Two millennia later, Rabbi Chanina’s wisdom is more essential than ever.  Today’s far-right politicians espouse a “starve the beast” strategy, slashing taxes for billionaires and mega-corporations in order to deprive the government of the revenue it needs to provide the rest of the population with core social services like Medicaid and Medicare, Social Security, and public education.  As one of their key strategists, Grover Norquist, famously said, “My goal is to cut government in half in twenty-five years, to get it down to the size where we can drown it in the bathtub.”  Here in our state, the Idaho Freedom Foundation follows the same model.

Rabbi Chanina recognized the peril of radical anti-government ideologies.  So, too, even earlier, did the authors of the Hebrew Bible.  The book of Judges presents a terrifying picture of society without governmental oversight.  Tribes slaughter one another, theft and lawlessness run rampant.  The text sums up this sad state in just one line: “In those days, there was no king in Israel; every person did what was right in their own eyes.”
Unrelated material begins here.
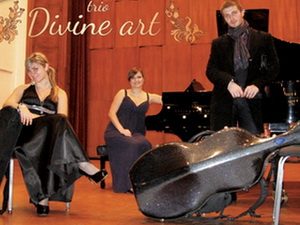 Divine art trio u DKCB-u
Unless we reverse course, this is where we are headed.  May we heed Rabbi Chanina’s wise words and foster healthy respect for a strong and fair government that serves all its citizens, securing justice when the mighty would otherwise tyrannize the vulnerable. 


Sunday, March 5, 2023

Avot 2:17 Economic Justice




Avot 2:17Rabbi Yosei says: Let your fellow’s money be as dear to you as your own.

In most capitalist economic systems, the guiding ethic for transactions is to secure the best possible deal.  The goal of both buyers and sellers is to make (or save) as much money as they can, even if it means taking advantage of the other party.  For example, a successful merchant aims to sell at the highest price the market will bear.  On the other side, if someone shopping at a yard sale recognizes that a painting in the dollar bin is actually a lost masterpiece, our culture applauds their ability to use their savvy to make an enormous profit.
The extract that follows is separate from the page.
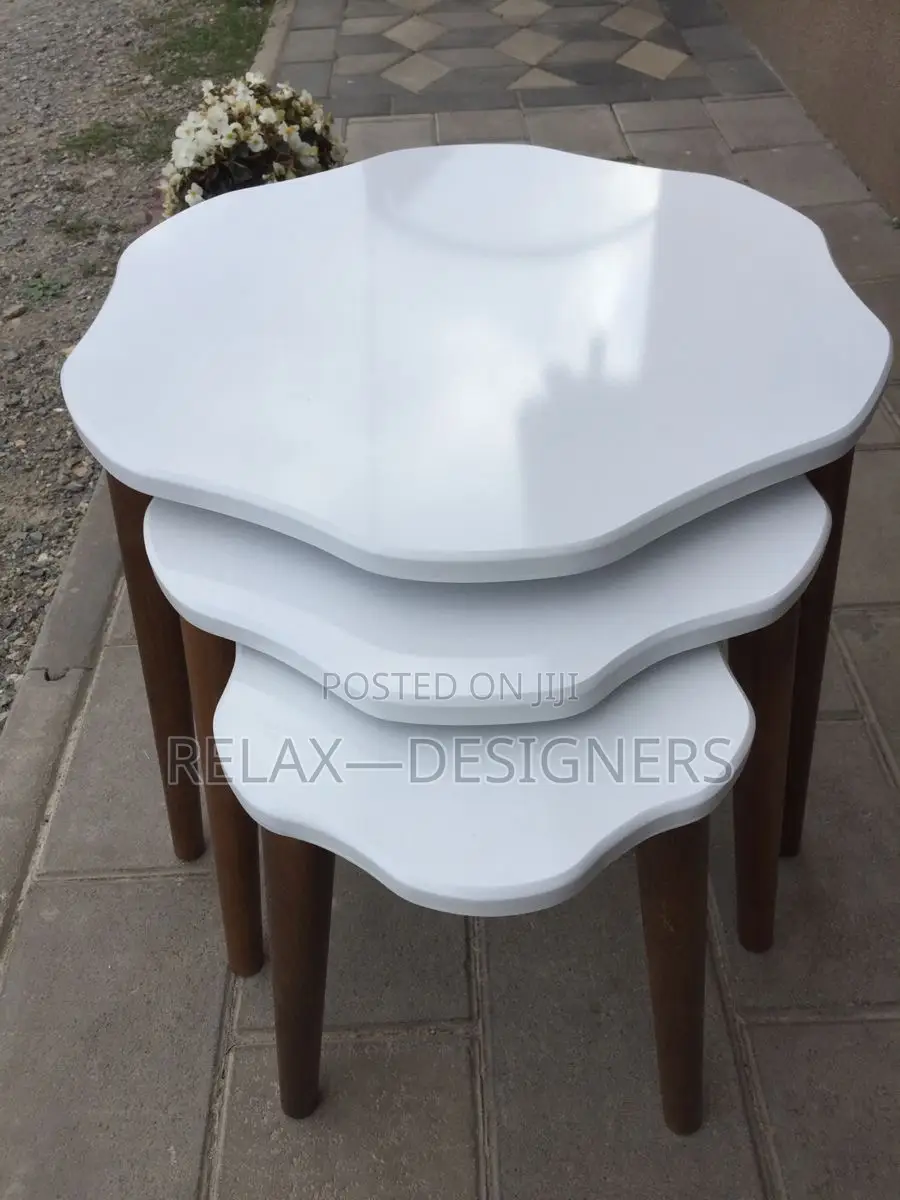3. Triplet Table. White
Jewish law does not work this way.  For us, commerce should be guided by justice.  While merchants are entitled to fair profits, they must not exploit their buyers.  And our shrewd yard sale shopper is required to tell the seller the true value of the painting rather than getting it for a “steal”—because failure to disclose takes advantage of another’s ignorance.  Leviticus teaches: “You shall not place a stumbling block before the blind”—which the Rabbis understand as blind in the matter at hand.

Rabbi Yosei boils this down to one line: “Let your fellow’s money be as dear to you as your own.”  When your outsized profit comes at another’s expense, it is, by definition, unethical.

This is profoundly counter-cultural in 21st century America—which is all the more reason to heed the words.  Unfettered market capitalism is inhumane.  Our tradition demands better.

Sunday, February 26, 2023

Avot 2:15: Repent a Day Before You Die



Avot 2:15Rabbi Eliezer says. . . “Repent one day before your death.”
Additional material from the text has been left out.